In seconda battuta, hanno ridotto la prospettiva dell’indagine rispetto all'ordinanza di remissione al solo aspetto relativo al rapporto tra diritto alla riservatezza e diritto alla rievocazione storica (che è ben diverso dal diritto di cronaca), affermando l’importante principio per cui  in tema di rapporti tra il diritto alla riservatezza (nella sua particolare connotazione del c.d. diritto all’oblio) e il diritto alla rievocazione storica di fatti e vicende concernenti eventi del passato, è da valutare l’interesse pubblico, concreto ed attuale alla menzione degli elementi identificativi delle persone che di quei fatti e di quelle vicende furono protagonisti. Tale menzione deve ritenersi lecita solo nell'ipotesi in cui si riferisca a personaggi che destino nel momento presente l’interesse della collettività, sia per ragioni di notorietà che per il ruolo pubblico rivestito; in caso contrario, prevale il diritto degli interessati alla riservatezza rispetto ad avvenimenti del passato che li feriscano nella dignità e nell'onore e dei quali si sia ormai spenta la memoria collettiva.

 

Il diritto all’oblio nel Reg. Ue 2016/679

Nel Regolamento 2016/679 il diritto all'oblio è trattato dall’art. 17, rubricato “Diritto alla cancellazione”, prevedendone i diversi strumenti di tutela, senza tuttavia particolari innovazioni rispetto alla Direttiva 95/46.

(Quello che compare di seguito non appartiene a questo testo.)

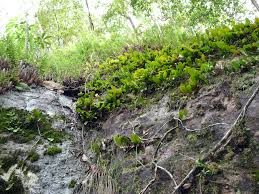 Attēlu rezultāti vaicājumam “Gymnostomum calcareum”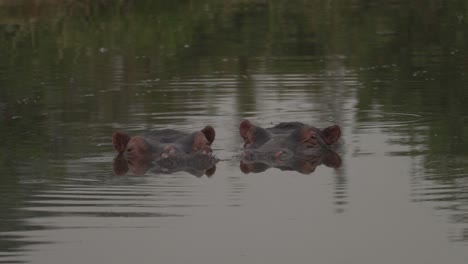 two heads of african hippo resting into the water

Il diritto all'oblio disciplinato dall’art. 17 del GDPR è, difatti, da intendersi solo nell'accezione di diritto alla cancellazione dei dati di una persona fisica, esteso e regolato anche con riferimento alla società digitale. Più nello specifico, si tratta del diritto alla cancellazione dei dati quando essi non sono più necessari per le finalità per cui sono stati raccolti, o quando viene revocato il consenso e i dati non possono essere trattati dal titolare su una base giuridica diversa.

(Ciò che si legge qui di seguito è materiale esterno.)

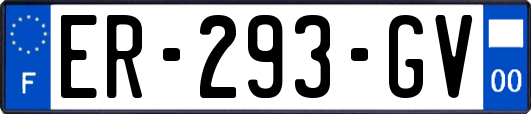 ER-293-GV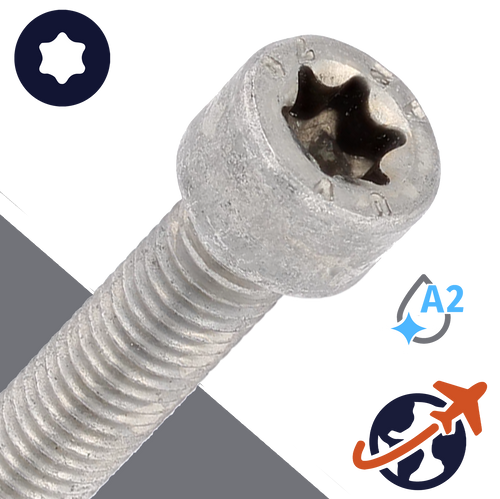 M10X1.5 Torx Socket Head - A2-70 Stainless ISO 14579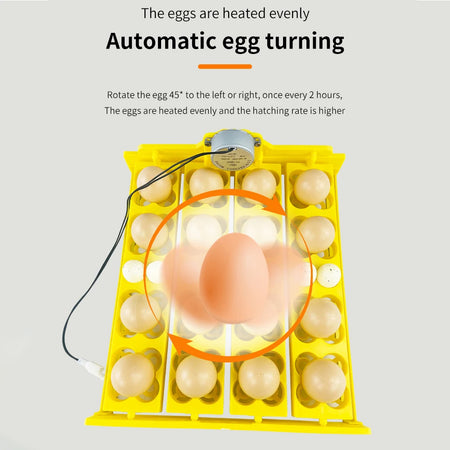 16/24 Eggs Incubator &ndash; Automatic Egg Turning for Efficient Hatching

Si aggiunge poi il diritto alla cancellazione nei casi espressamente previsti dalla normativa degli Stati Membri, ex art. 6, paragrafo 1, o il caso dei dati trattati in base all’art. 9, paragrafo 2, lettera a), che riguarda i dati un tempo detti “sensibili” che richiedono un consenso che l’interessato a suo tempo ha dato e successivamente revocato. Inoltre, al pari della Direttiva 95/46, la cancellazione è dovuta quando i dati siano trattati illecitamente, o essa si basi sulla necessità di adempiere a un obbligo legale previsto dal diritto dell’Unione o dalle leggi di uno Stato membro.

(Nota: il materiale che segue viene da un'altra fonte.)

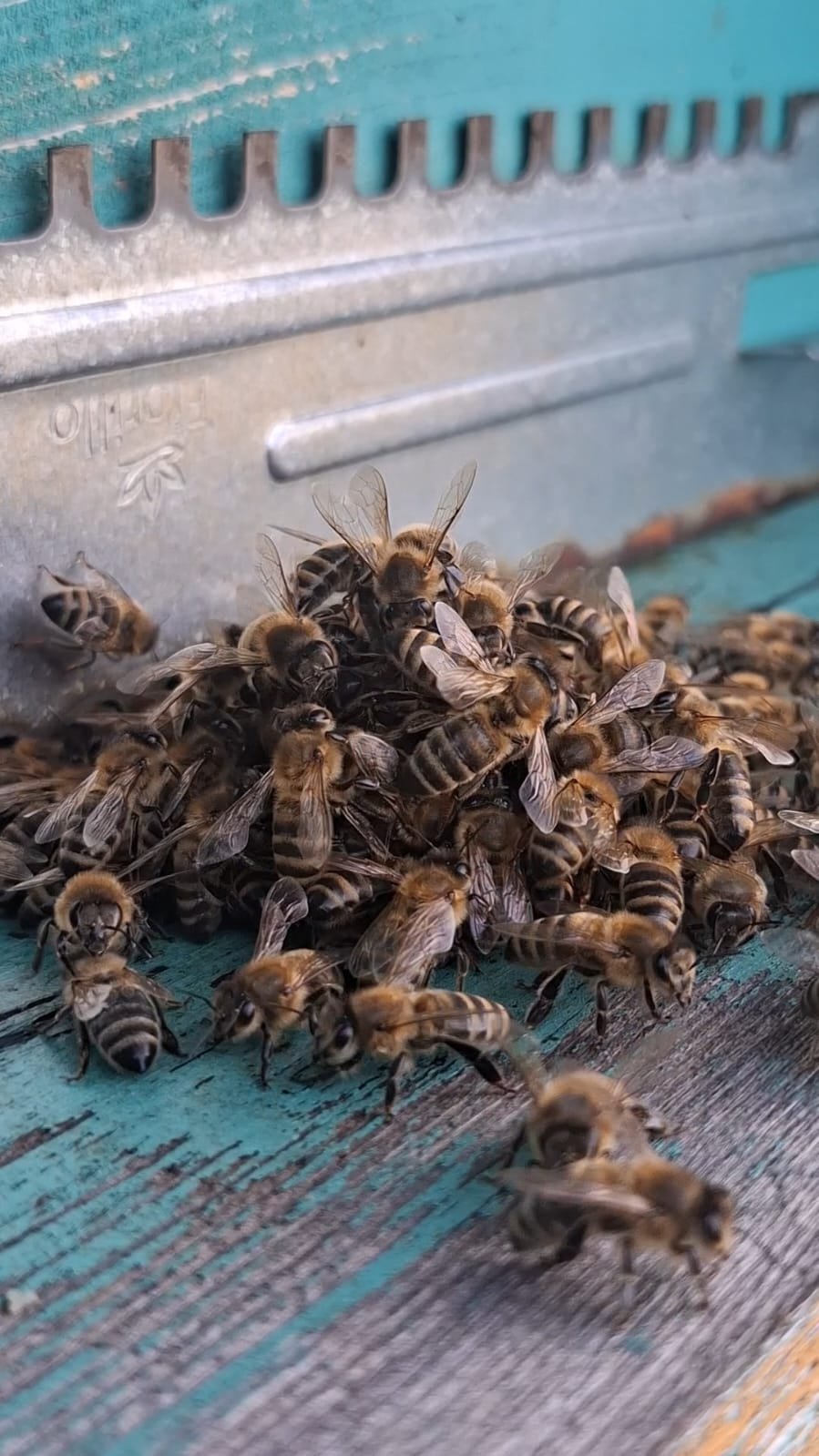 Wächterbienen im Kampf gegen eine Hornisse.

Infine, la norma precisa anche che la cancellazione è obbligatoria quando i dati sono stati raccolti in base all’art. 8, paragrafo 1, e cioè rispetto a servizi offerti dalla società dell’informazione a minori di anni 16 (o dell’età che ciascun Stato potrà fissare, purché non inferiore a 13 anni) senza il consenso di chi ha la responsabilità genitoriale.

Per quanto detto sin qui, l’art. 17 non ha introdotto modalità davvero innovative rispetto al diritto alla cancellazione previsto dalla precedente Direttiva.

La parte sicuramente nuova riguarda il dovere specifico posto a carico del titolare del trattamento che riceve una richiesta di cancellazione quando i dati che ne sono oggetto sono stati resi pubblici dal titolare stesso.

In questa ipotesi l’art. 17 paragrafo 2 impone al titolare non solo di cancellare i dati, qualora ritenga legittima la richiesta. Egli deve anche, “tenuto conto della tecnologia disponibile e dei costi di attuazione”, adottare “misure ragionevoli, anche tecniche” per informare della richiesta che gli è pervenuta anche gli altri eventuali titolari che stanno utilizzando i dati a lui resi pubblici. Ciò ovviamente presuppone che i dati oggetto della richiesta siano stati resi pubblici dal titolare stesso, e che egli sia a conoscenza che altri titolari li stanno trattando e sia in grado di individuarli.

Quello che conta segnalare è che quando ci si riferisce al diritto all'oblio ai sensi del nuovo GDPR si parla di cosa estremamente complessa, che va molto oltre il diritto all'oblio applicato al motore di ricerca e alle notizie diffuse attraverso i mezzi della società dell’informazione.

Di fatto, il diritto all'oblio è ancora di là da ricevere una chiara ed univoca definizione.

 

 

 

 

 

 

 

 

 

 

[1] Trib. Roma, 3 dicembre 2015

[2] Cass. Civ., Sez. I, 24 giugno 2016, n. 13161.